The instinctive explanation, not enough renewables, gets the causality backwards. The problem is that Europe built a 21st-century generation fleet on top of a 20th-century delivery system. The grid was designed to send power in one direction, on demand. Renewables don't work on demand. They work when the wind blows and the sun shines, and they produce nothing when it doesn't. The mismatch between when power is generated and when it is consumed has replaced the gas-supply shock of the early 2020s as the defining structural challenge of European energy.
The energy crisis didn't end. It shape-shifted. And the new form is harder to see, because the headline numbers (falling wholesale averages, record solar capacity) suggest progress. They aren't wrong. They're incomplete.

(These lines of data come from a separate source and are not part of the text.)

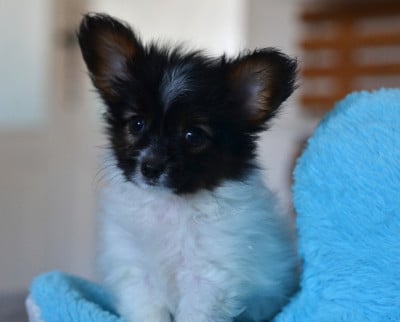 Les chiots de Epagneul nain Continental (Papillon)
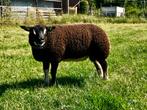 Dassenkop Texel ramlammeren, Dieren en Toebehoren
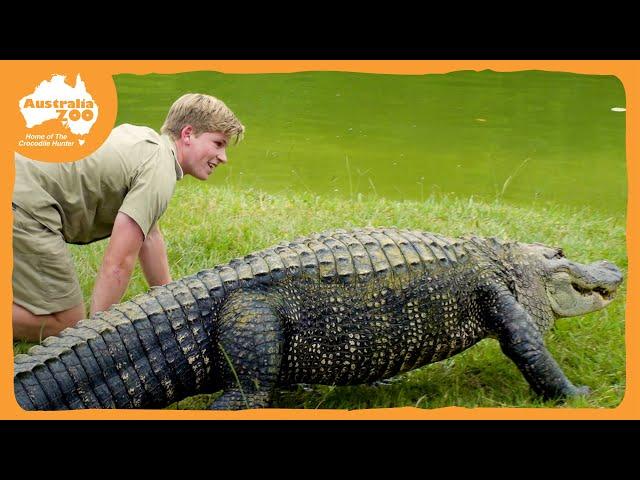 Robert Irwin feeds our awesome gators | Irwin Family Adventures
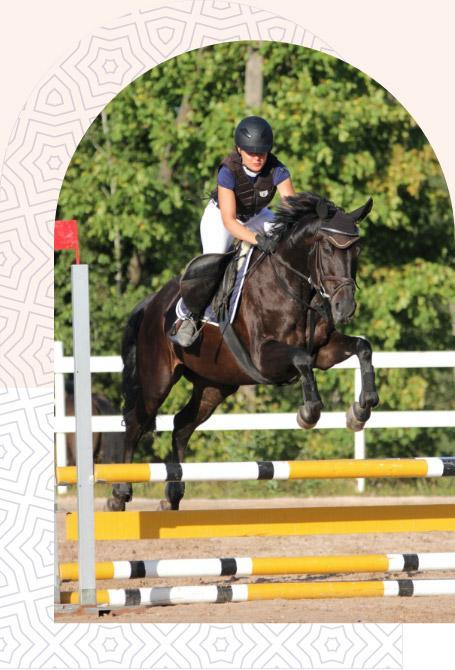 قالب ووردبريس لنادي الخيل 34 قالب ووردبريس لنادي الخيل 34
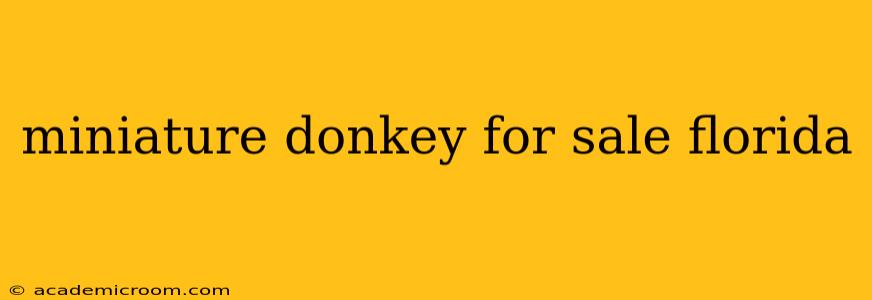 miniature donkey for sale florida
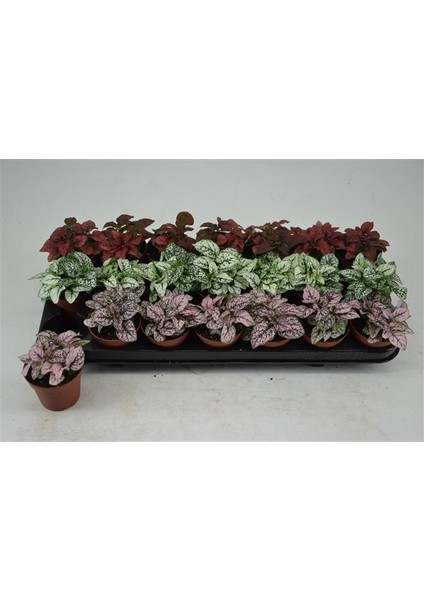 Hostes Çiçeği - Hypoestes Phyllostachya 3’lü Set indirimleri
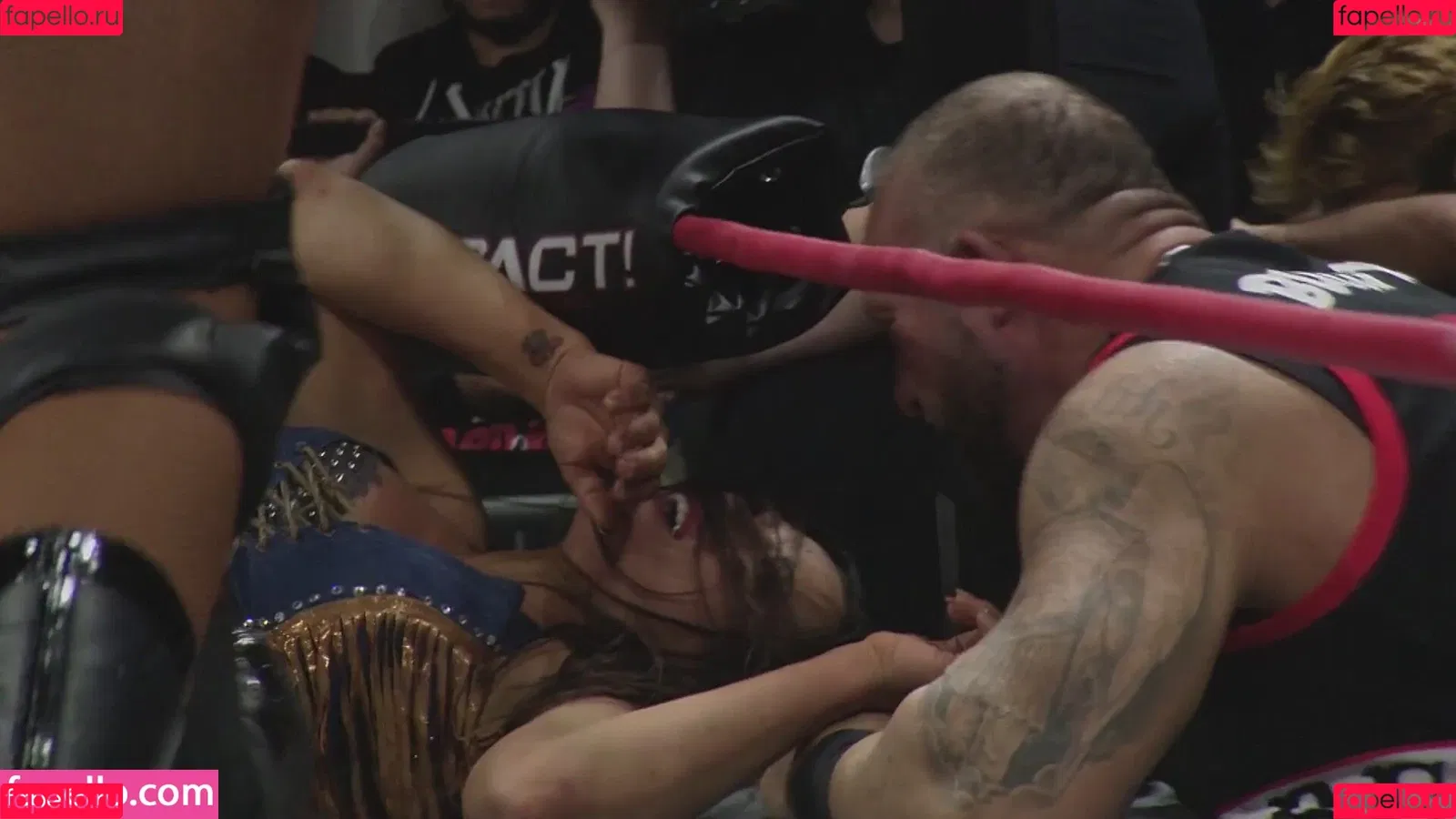 Mickie James / michelejames / themickiejames Onlyfans Photo Gallery 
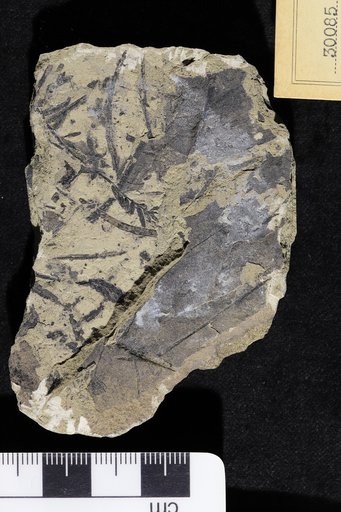 Hicoria magnifica Knowlton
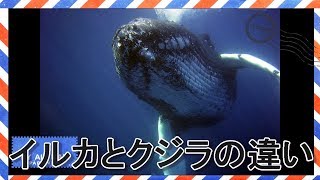 イルカとクジラの違い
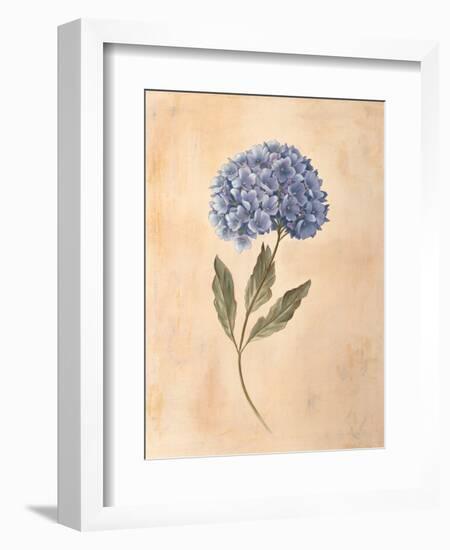 Hydrangea-Virginia Huntington-Framed Art Print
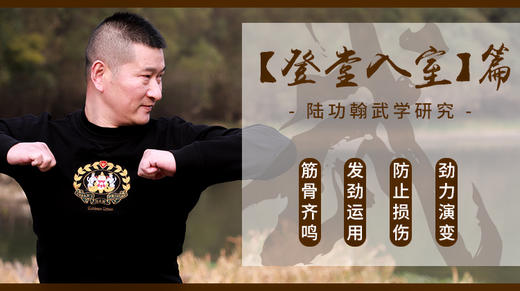 赠【登堂入室】--陆功翰武学研究 商品图0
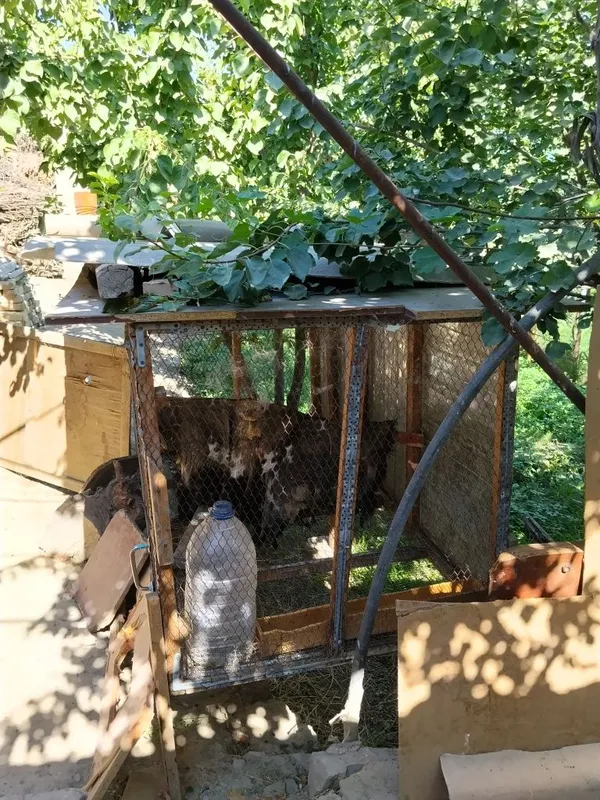 Tovuq katak va muzlatgich sotilari 2 Tovuq katak va muzlatgich sotilari 2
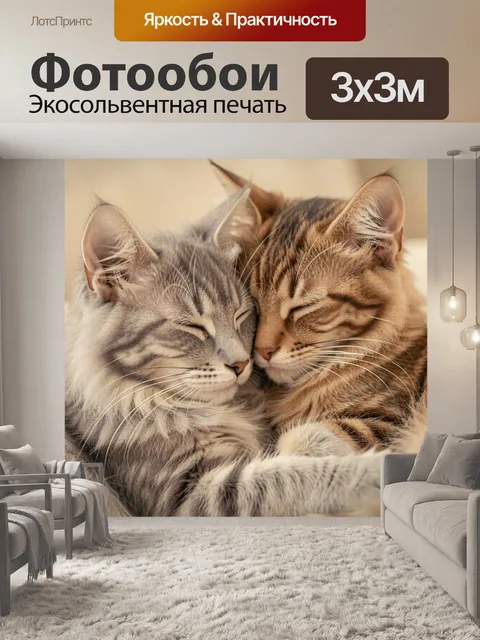 Фотообои Два спящих котёнка крупным планом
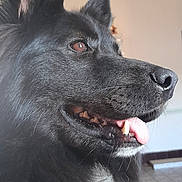 Tariquet a rejoint le concours — aidez-le/la à gagner de superbes lots ! dog, black_dog, close_up, profile, tongue_out, fluffy_coat, white_chest, pet_tag, indoor, happy, canine, fur, ears, nose, mouth, teeth, animal, domestic_animal, companion, portrait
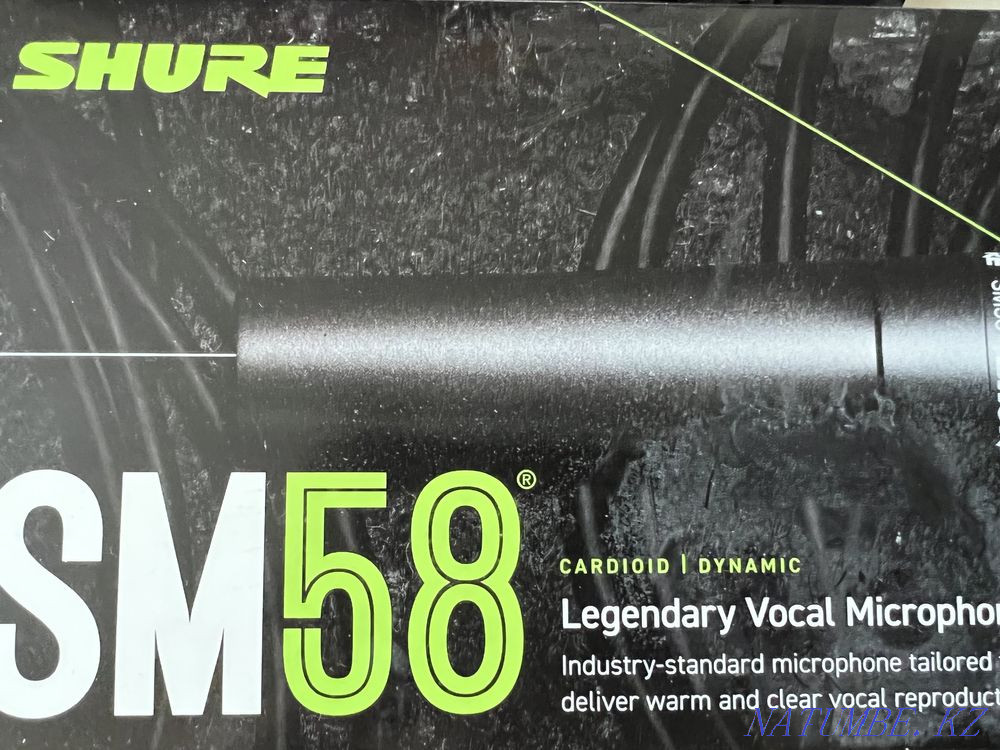 Sound card and professional microphone Petropavlovsk - photo 3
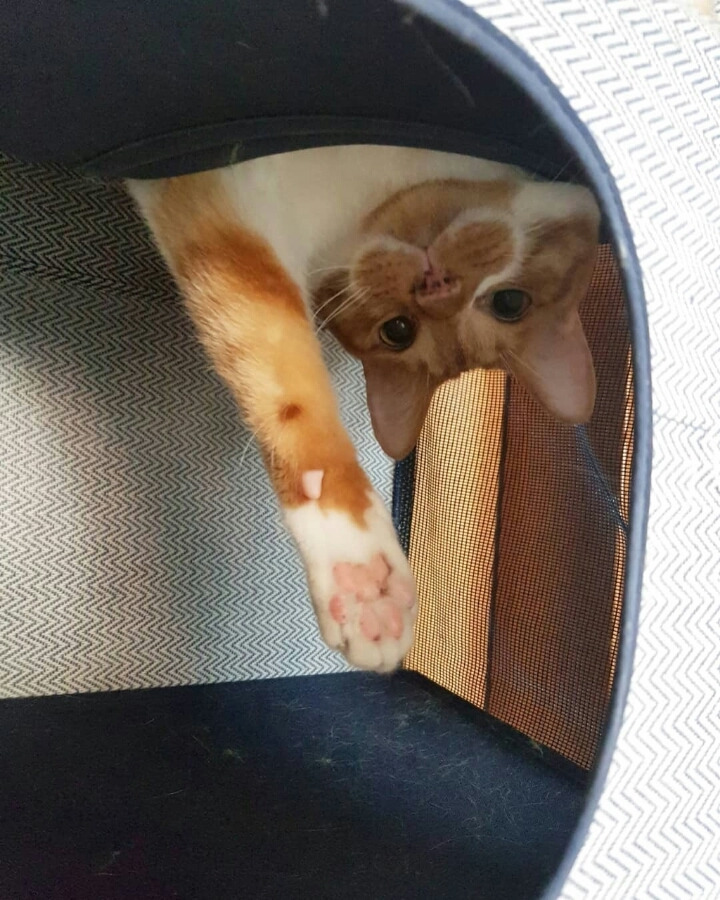 고양이 씹덕포인트 | 인스티즈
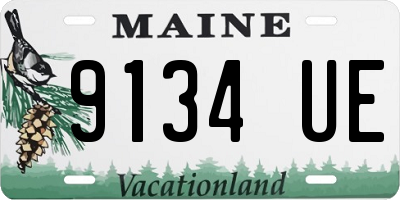 ME license plate 9134UE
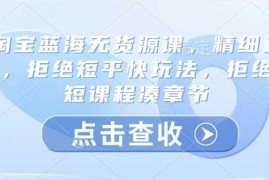 淘宝蓝海无货源课，精细运营，拒绝短平快玩法，拒绝简短课程凑章节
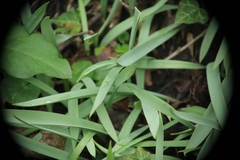 Tulipa sylvestris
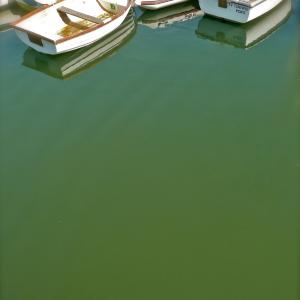 Quiet Moorings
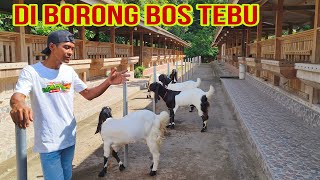 JURAGAN TEBU DARI GUNUNG KIDUL BORONG 4 EKOR...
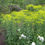 Thumbnail: Dyer's Herb Collection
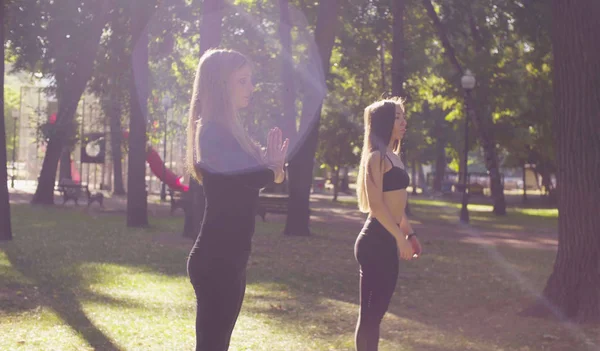 Du yoga. Deux jolies femmes faisant des exercices de yoga dans le parc — Photo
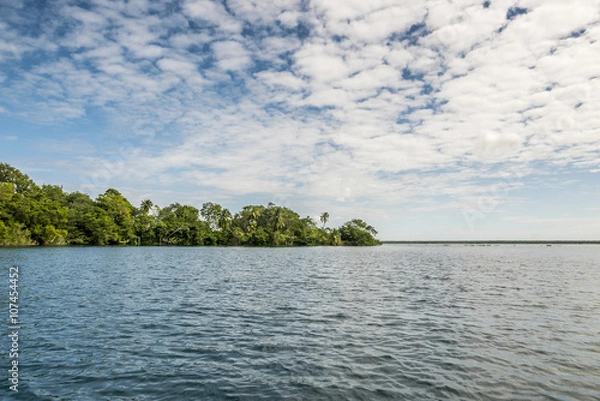 Fototapeta Beautiful view of caribbean lagoon Bacalar. Seven Color water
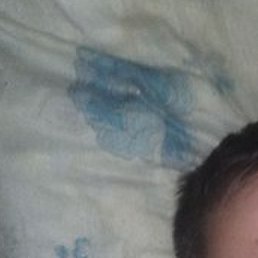 ��������, ������, 40 ���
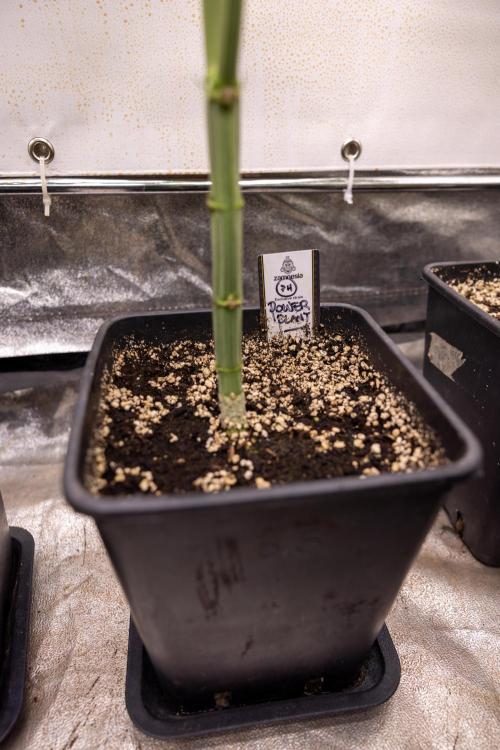 Power Plant - Zamnesia & B&B. Week 5 - Power Plant - Veg - Week 6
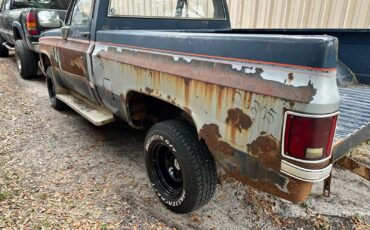 Chevrolet-Other-Pickups-Pickup-1983-Blue-Blue-5238-3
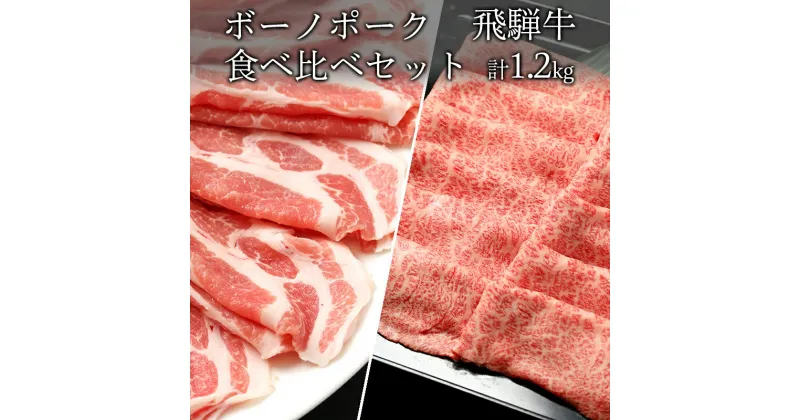 【ふるさと納税】 飛騨牛 カタロース(500g) ボーノポークぎふ 豚カタロース(700g) しゃぶしゃぶ すき焼き 冷蔵 A4 A5 霜降り 黒毛和牛 国産 牛肉 豚肉 日付指定 時間指定 y14-317 送料無料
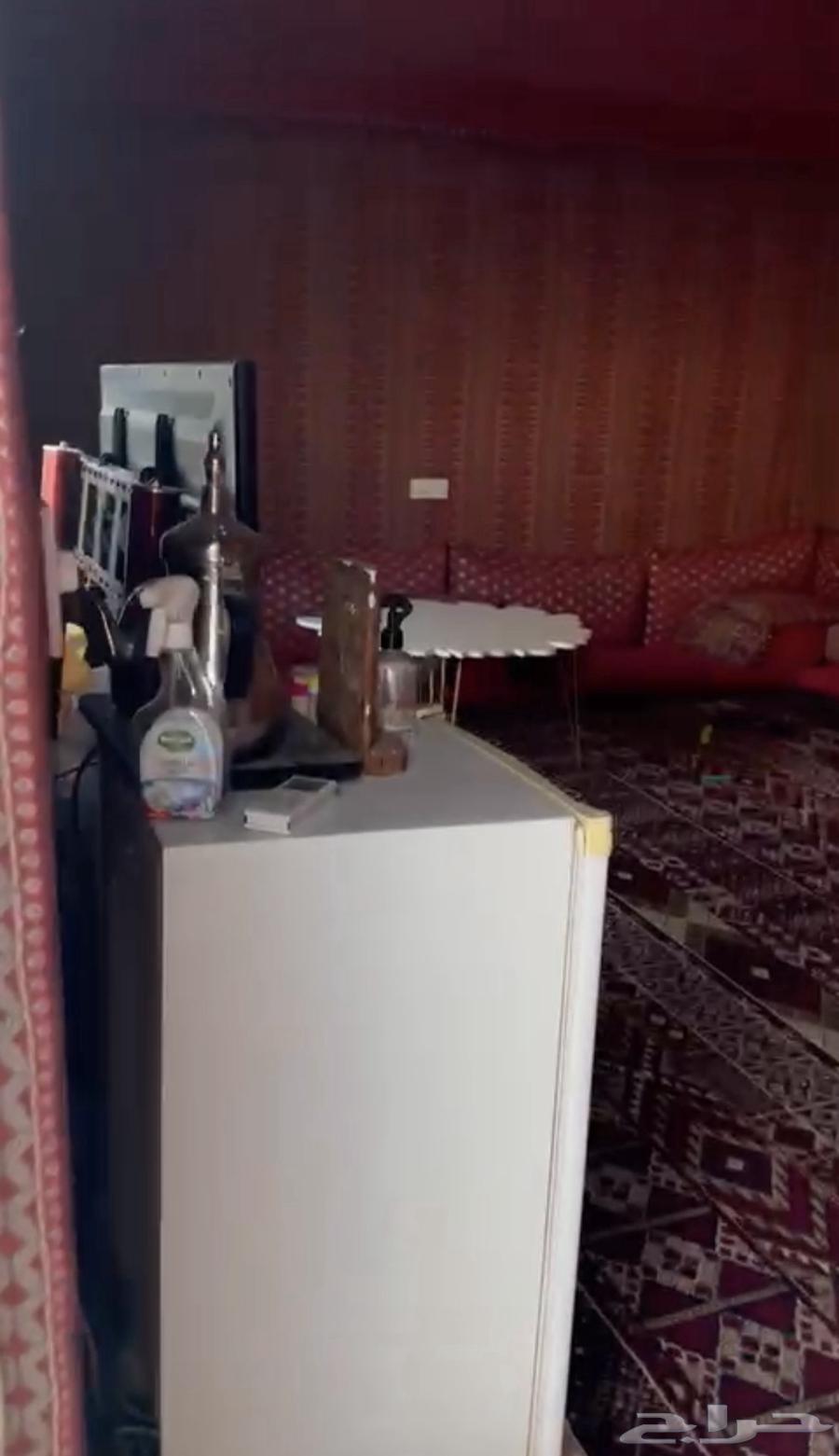 خيمه ملكيه64540524182657112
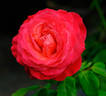 Lady Bird rose photo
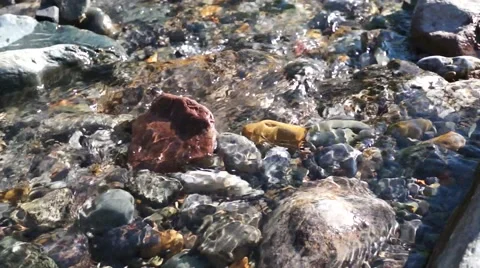 Crystal clear creek Stock Footage 51700347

Why Cheap Power Makes Expensive Bills
Here is a number that should not coexist with the one that follows it. In 2025, German wholesale electricity prices went negative for 573 hours, a 25 percent increase over the previous year, amounting to nearly twenty-four full days when power was, in economic terms, worthless. Across Germany, the Netherlands, and Spain, the share of negative-price hours hit 8 to 9 percent in the first half of the year.
In the same period, European industrial retail electricity prices ran roughly twice the American rate and about 50 percent above China's, according to IEA estimates. Energy-intensive industries (the steel mills, chemical plants, and aluminum smelters that anchor Europe's manufacturing base) face a structural cost disadvantage that no amount of wholesale price averaging can paper over.
The disconnect between cheap wholesale power and expensive retail bills is not a statistical anomaly. It is the central feature of Europe's current energy economy, and it has a specific mechanical explanation: the energy component of the bill is shrinking, but everything else (grid fees, levies, redispatch costs, capacity charges) is growing faster.
Consider Germany's 2025 tariff structure. The offshore wind levy rose to 0.816 cents per kilowatt-hour, up from 0.656 the year before. The grid usage levy more than doubled to 1.558 cents per kilowatt-hour. These are costs incurred not because of expensive fuel, but because the physical grid cannot efficiently move the cheap fuel it already has.
In the Netherlands, research warns that grid congestion could cost the Dutch economy up to €40 billion annually through blocked expansions and cancelled renewable projects. The grid, in other words, is not merely a cost centre. It is becoming the binding constraint on the entire transition.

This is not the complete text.